North Carolina v. Alford, 400 U.S. 25, 91 S. Ct. 160, 27 L. Ed. 2d 162 (1970). Under this doctrine, the defendant pleads guilty and acknowledges that the state has enough evidence to convict him without expressly acknowledging his participation in the criminal activity.

General Statutes § 53a-134 provides in pertinent part: “(a) A person is guilty of robbery in the first degree when, in the course of the commission of the crime of robbery as defined in section 53a-133 or of the immediate flight therefrom, he or another participant in the crime . . . (2) is armed with a deadly weapon

General Statutes § 53a-133 provides in pertinent part: “A person commits robbery when, in the course of committing a larceny, he uses or threatens the immediate use of physical force upon another person . . . .”

The defendant’s motion to withdraw his plea was made “pursuant to the fifth and fourteenth amendments to the constitution of the United States; article one, section eight of the constitution of the state of Connecticut; Connecticut Practice Book § 721 et seq.; and Connecticut General Statutes sec. 54-1.”
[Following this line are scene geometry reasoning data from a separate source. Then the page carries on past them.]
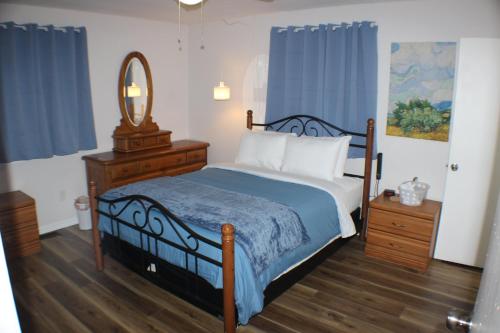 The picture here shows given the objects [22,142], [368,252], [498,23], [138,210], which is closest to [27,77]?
[22,142]

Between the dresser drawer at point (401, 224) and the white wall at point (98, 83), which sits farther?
the white wall at point (98, 83)

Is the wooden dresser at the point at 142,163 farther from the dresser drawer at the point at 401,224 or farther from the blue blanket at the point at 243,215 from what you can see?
the dresser drawer at the point at 401,224

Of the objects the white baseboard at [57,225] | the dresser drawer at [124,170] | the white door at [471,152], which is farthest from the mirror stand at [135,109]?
the white door at [471,152]

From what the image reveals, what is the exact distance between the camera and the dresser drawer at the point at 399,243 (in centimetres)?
343

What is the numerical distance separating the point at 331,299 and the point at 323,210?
726mm

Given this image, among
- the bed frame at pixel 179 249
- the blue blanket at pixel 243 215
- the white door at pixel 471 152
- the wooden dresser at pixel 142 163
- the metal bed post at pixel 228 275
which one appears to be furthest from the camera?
the wooden dresser at pixel 142 163

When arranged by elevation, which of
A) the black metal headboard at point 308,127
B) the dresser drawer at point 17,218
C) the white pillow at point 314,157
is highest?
the black metal headboard at point 308,127

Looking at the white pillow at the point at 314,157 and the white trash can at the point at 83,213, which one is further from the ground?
the white pillow at the point at 314,157

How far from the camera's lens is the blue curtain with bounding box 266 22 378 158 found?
155 inches

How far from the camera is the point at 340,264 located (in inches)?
141

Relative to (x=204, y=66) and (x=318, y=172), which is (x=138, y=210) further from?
(x=204, y=66)

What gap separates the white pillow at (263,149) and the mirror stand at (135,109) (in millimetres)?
1273

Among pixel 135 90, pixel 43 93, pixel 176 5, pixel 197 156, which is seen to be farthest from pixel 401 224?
pixel 43 93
The defendant was sentenced to a term of ten years to run consecutive to a sentence that the defendant was then serving.

Practice Book § 711 provides in relevant part: “The judicial authority shall not accept the plea without first addressing the defendant personally and determining that he fully understands: (1) The nature of the charge to which the plea is offered . . . .”

The transcript of the trial court proceeding reveals the following colloquy:

“The Court: Now a robbery is a larceny. Taking someone else’s property without their permission with the intent to permanently deprive the person of that property and in the course of the commission of said robbery, someone is armed with a deadly weapon. Do you understand that Mr. Wideman?
“The Defendant: Yes, sir.
“The Court: Okay. And . . . a deadly weapon is defined as follows. Any weapon whether loaded or unloaded from which a shot may be discharged or a switch blade knife . . . . So if a robbery is going to be committed and one of the participants has a deadly weapon, it’s a robbery one, subsection two.”

See footnote 6.

The state concedes, and we agree, that the record does not support a presumption that defense counsel explained the elements of the crime to the defendant. See State v. Childree, 189 Conn. 114, 123, 454 A.2d 1274 (1983).